**PROBLEM STATEMENT**
The answer should be the lines from the one with "Apartamento T4 Duplex" through the final line of the entries, restated word for word.

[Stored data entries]
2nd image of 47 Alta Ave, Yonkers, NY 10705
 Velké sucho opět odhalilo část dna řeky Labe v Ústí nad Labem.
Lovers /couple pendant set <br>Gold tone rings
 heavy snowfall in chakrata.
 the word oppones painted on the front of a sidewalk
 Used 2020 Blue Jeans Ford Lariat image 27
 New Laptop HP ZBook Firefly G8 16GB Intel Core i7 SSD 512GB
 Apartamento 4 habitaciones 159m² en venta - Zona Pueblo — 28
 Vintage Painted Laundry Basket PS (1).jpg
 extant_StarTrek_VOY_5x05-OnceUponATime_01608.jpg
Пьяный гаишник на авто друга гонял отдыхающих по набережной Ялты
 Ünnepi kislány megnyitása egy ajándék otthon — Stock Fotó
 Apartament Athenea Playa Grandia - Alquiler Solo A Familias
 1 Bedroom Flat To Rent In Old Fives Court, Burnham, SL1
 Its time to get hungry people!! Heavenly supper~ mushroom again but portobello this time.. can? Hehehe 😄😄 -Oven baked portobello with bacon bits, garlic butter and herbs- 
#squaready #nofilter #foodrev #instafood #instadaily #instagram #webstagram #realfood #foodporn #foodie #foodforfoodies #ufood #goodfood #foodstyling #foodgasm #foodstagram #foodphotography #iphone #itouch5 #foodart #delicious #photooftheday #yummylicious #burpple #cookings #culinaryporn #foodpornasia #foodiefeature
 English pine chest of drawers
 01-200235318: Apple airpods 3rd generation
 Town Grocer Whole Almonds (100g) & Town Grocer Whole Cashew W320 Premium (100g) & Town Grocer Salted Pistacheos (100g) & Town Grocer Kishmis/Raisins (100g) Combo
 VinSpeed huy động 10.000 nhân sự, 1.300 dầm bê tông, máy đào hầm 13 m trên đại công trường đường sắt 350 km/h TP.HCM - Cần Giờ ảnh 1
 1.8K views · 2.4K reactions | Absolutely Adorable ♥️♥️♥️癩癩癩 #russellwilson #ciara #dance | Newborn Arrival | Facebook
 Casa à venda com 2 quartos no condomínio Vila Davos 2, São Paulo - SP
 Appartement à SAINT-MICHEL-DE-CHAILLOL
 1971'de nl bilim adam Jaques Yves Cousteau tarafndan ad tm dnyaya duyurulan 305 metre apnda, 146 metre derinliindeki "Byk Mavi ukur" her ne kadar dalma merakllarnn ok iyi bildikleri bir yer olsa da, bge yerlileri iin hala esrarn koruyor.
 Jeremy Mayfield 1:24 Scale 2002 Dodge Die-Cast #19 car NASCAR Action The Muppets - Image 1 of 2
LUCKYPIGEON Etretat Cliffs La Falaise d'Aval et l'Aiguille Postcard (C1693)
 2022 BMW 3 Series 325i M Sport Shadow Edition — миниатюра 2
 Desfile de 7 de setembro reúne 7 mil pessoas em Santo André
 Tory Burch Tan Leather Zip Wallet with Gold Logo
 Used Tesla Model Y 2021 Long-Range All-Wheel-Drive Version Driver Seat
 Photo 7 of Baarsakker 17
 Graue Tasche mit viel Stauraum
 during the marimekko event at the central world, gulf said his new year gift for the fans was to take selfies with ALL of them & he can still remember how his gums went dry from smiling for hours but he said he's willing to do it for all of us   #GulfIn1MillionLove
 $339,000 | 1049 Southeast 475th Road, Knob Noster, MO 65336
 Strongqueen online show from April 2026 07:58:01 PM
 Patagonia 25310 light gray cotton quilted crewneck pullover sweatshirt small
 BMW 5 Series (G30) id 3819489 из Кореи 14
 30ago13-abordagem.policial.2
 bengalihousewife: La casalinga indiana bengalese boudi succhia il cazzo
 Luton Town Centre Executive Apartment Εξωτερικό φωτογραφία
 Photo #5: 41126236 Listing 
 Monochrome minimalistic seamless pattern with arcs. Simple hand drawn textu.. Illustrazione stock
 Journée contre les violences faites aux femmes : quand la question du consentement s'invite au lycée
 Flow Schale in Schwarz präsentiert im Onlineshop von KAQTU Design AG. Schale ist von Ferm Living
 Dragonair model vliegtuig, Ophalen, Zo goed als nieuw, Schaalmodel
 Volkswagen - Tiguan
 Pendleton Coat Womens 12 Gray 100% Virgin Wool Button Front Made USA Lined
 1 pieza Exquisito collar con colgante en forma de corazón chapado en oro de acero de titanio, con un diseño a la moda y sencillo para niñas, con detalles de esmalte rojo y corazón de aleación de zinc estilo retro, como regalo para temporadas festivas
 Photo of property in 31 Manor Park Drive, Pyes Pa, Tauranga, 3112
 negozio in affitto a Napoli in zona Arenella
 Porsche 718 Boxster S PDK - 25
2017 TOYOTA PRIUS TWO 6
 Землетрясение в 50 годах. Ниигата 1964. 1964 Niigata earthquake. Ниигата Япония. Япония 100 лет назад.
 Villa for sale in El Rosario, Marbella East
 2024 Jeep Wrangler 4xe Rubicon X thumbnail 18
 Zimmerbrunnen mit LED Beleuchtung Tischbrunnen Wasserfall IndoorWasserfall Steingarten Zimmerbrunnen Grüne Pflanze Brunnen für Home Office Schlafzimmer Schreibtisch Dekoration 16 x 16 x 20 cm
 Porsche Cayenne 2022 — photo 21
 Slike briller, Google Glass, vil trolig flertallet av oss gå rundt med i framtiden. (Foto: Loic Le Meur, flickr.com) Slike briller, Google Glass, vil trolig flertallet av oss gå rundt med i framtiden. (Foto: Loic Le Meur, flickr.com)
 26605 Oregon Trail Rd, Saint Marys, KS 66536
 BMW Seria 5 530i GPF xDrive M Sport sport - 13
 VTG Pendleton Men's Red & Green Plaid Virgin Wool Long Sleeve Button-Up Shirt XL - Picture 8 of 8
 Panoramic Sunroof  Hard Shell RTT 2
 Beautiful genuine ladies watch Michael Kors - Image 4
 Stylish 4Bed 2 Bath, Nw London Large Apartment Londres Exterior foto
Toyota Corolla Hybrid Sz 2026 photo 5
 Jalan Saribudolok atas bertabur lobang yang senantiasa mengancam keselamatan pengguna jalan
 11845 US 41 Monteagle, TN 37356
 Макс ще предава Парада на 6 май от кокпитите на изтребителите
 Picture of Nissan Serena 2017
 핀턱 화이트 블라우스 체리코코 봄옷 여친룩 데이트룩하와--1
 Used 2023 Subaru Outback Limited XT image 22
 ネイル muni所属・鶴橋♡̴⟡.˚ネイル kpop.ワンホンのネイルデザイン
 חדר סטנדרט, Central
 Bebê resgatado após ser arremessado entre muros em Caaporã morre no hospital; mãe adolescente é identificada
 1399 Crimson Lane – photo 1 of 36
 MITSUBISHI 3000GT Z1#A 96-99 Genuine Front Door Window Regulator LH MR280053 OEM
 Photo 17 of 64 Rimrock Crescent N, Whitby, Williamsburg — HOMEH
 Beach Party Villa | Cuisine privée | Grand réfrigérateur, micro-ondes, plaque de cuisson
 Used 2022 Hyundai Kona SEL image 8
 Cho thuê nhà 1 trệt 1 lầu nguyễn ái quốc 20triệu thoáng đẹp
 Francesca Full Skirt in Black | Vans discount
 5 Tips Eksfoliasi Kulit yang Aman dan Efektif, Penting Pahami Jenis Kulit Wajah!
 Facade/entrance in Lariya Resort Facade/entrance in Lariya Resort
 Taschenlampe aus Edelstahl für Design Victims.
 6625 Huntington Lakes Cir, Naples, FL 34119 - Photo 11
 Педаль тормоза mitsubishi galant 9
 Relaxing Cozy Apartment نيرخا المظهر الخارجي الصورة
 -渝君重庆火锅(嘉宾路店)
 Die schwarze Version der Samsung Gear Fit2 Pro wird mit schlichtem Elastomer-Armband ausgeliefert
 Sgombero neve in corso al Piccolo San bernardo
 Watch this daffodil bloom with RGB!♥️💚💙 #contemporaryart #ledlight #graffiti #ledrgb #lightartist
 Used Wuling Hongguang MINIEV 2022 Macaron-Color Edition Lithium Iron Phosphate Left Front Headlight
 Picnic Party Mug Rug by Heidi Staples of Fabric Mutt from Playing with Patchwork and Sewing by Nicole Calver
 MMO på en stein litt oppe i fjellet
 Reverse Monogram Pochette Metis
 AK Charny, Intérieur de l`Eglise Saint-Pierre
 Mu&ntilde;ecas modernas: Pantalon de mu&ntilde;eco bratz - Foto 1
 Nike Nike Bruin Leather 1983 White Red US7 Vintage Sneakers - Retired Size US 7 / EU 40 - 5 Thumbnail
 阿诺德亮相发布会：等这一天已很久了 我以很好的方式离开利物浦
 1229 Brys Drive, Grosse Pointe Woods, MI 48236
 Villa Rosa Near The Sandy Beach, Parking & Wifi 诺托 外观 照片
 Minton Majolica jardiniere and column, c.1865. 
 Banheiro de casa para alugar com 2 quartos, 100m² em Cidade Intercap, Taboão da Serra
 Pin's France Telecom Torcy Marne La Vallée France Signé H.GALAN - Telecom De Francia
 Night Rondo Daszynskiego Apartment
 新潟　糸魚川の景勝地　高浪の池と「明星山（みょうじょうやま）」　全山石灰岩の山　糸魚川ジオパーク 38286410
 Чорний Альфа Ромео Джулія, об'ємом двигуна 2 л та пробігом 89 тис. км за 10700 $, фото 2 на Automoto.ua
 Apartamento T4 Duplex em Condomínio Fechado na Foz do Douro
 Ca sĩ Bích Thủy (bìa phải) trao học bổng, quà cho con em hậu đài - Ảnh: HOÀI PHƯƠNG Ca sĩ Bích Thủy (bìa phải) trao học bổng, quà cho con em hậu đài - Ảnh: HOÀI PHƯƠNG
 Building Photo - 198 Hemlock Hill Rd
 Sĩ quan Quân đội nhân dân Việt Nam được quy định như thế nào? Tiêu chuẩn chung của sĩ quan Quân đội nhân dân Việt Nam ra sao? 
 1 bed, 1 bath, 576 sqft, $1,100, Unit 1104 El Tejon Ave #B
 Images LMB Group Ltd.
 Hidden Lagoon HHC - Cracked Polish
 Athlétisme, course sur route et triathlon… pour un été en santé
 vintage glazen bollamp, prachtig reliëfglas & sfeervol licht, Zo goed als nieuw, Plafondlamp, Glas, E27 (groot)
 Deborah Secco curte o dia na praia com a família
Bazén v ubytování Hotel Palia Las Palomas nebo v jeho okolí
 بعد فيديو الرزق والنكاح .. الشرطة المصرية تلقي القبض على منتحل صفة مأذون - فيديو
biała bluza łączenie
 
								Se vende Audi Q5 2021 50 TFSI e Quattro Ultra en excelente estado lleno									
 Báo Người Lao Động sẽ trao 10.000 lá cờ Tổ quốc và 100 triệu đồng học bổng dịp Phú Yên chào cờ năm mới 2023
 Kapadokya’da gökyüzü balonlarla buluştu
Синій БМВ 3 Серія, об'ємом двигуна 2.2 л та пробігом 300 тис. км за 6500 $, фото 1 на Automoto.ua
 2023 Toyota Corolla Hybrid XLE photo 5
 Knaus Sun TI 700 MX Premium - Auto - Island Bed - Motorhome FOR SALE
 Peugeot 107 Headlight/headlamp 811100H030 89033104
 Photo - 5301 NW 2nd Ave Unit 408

**REPLY TO THE EXERCISE**
 Apartamento T4 Duplex em Condomínio Fechado na Foz do Douro
 Ca sĩ Bích Thủy (bìa phải) trao học bổng, quà cho con em hậu đài - Ảnh: HOÀI PHƯƠNG Ca sĩ Bích Thủy (bìa phải) trao học bổng, quà cho con em hậu đài - Ảnh: HOÀI PHƯƠNG
 Building Photo - 198 Hemlock Hill Rd
 Sĩ quan Quân đội nhân dân Việt Nam được quy định như thế nào? Tiêu chuẩn chung của sĩ quan Quân đội nhân dân Việt Nam ra sao? 
 1 bed, 1 bath, 576 sqft, $1,100, Unit 1104 El Tejon Ave #B
 Images LMB Group Ltd.
 Hidden Lagoon HHC - Cracked Polish
 Athlétisme, course sur route et triathlon… pour un été en santé
 vintage glazen bollamp, prachtig reliëfglas & sfeervol licht, Zo goed als nieuw, Plafondlamp, Glas, E27 (groot)
 Deborah Secco curte o dia na praia com a família
Bazén v ubytování Hotel Palia Las Palomas nebo v jeho okolí
 بعد فيديو الرزق والنكاح .. الشرطة المصرية تلقي القبض على منتحل صفة مأذون - فيديو
biała bluza łączenie
 
								Se vende Audi Q5 2021 50 TFSI e Quattro Ultra en excelente estado lleno									
 Báo Người Lao Động sẽ trao 10.000 lá cờ Tổ quốc và 100 triệu đồng học bổng dịp Phú Yên chào cờ năm mới 2023
 Kapadokya’da gökyüzü balonlarla buluştu
Синій БМВ 3 Серія, об'ємом двигуна 2.2 л та пробігом 300 тис. км за 6500 $, фото 1 на Automoto.ua
 2023 Toyota Corolla Hybrid XLE photo 5
 Knaus Sun TI 700 MX Premium - Auto - Island Bed - Motorhome FOR SALE
 Peugeot 107 Headlight/headlamp 811100H030 89033104
 Photo - 5301 NW 2nd Ave Unit 408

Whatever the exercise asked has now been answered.